Simply put, there is no indication that the bishop of Rome was considered the Pope until long after the Council of Nicea in A.D. 325. It is difficult to ascertain exactly when there was an official pope, though Gregory the Great, bishop of Rome in A.D. 600, is often listed by Protestant scholars as the first.
At Nicea, three patriarchs were established.1 At that time, each city had its own bishop,2 but Canon VI of the Council of Nicea assigns authority over larger areas to the bishops of Alexandria (in Egypt) and Antioch (in modern Syria) and acknowledges extralocal3 authority to the Roman bishop in Italy, which was apparently already established. The question is, how long ago was this extralocal authority established, and how widespread was his authority?

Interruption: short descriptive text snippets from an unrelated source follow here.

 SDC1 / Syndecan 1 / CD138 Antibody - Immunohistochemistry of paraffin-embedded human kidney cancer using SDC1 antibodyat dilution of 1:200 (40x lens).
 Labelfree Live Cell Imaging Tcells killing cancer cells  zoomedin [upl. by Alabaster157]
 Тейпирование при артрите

That question is not difficult to answer. According to Cyprian, bishop of Carthage, around A.D. 250, Stephen, the bishop of Rome, attempted to call himself bishop of bishops and was condemned by a council of 87 bishops convened by Cyprian. Cyprian was a bishop of great importance and to this day is held in much higher regard than Stephen even by the Roman Catholics.

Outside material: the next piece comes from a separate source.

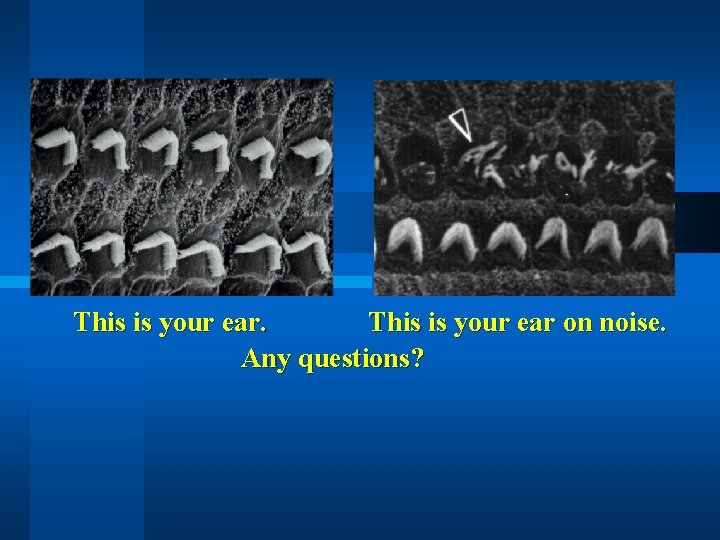 This is your ear on noise. Any questions?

When Stephen, bishop of Rome, had by his letters condemned the decree of the African council on the baptism of heretics, Cyprian lost no time in holding another council at Carthage with a greater number of bishops....Cyprian said, Neither does any of us set himself up as a bishop of bishops, nor by tyrannical terror does any compel his colleague to the necessity of obedience, since every bishop, according to the allowance of his liberty and power, has his own proper right of judgment and can no more be judged by another than he himself can judge another.4
This decision of the Council of Carthage, occurring 75 years before Nicea, shows that there was an attempt by the bishop of Rome to exert his authority in north Africa, but it was soundly and unanimously rejected. This council is significant specifically because it was led by Cyprian, who is the source of the majority of the quotes used by Roman Catholics to argue for a Pre-Nicene papacy. Clearly, no matter how many quotes are produced to argue that Cyprian considered the Roman bishop to be the Pope, the Seventh Council of Carthage proves unquestionably that Cyprian rejected the authority of Stephen, the bishop of Rome in his time.

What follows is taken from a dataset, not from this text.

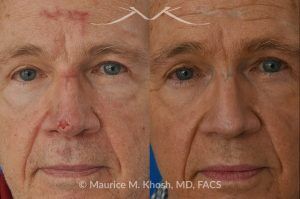 Photo of a patient before and after a procedure. Secondary repair of nasal tip defect following Mohs excision of skin cancer - This 76 year old had undergone excision of a basal cell cancer from the tip of his nose. He was dismayed at the highly visible depressed scar in his tip. Local tissue advancement flaps, followed by a series of microneedling treatments helped to restore his nasal tip to a normal appearance.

The numerous quotes pulled from Cyprian's writings in defense of a 3rd century papacy can all be answered with one argument. Cyprian was the first to argue that the keys of the kingdom of heaven given to Peter in Matthew 16:19 were passed on to the church. However, Cyprian believed that they were passed on to all the bishops, who represented the unity of the church. Cyprian nowhere specifies that the keys to the kingdom of heaven were given to the Roman bishop. Instead he describes the all the bishops of the churches as one.
And this unity we ought firmly to hold and assert, especially those of us that are bishops who preside in the Church, that we may also prove the episcopate itself to be one and undivided....The episcopate5 is one, each part of which is held by each one for the whole.6
Cyprian also rejects the claim of Stephen to hold a succession from Peter. In fact, he refers to himself as justly indignant about it. He writes:
In this respect I am justly indignant at this so open and manifest folly of Stephen, that he who so boasts of the place of his episcopate, and contends that he holds the succession from Peter, on whom the foundations of the Church were laid, should introduce many other rocks and establish new buildings of many churches; maintaining that there is baptism in them by his authority.7
Cyprian was not alone in his opinion. The Seventh Council of Carthage was attended by 87 north African bishops, all of whom ratified the decision of that council. Seventy-five years later, at the Council of Nicea, Constantine's attempt to gather all the bishops of the Roman empire drew 304 bishops. The 87 bishops at the Council of Carthage must have represented at least 25% of the bishops under the emperor of Rome's dominion.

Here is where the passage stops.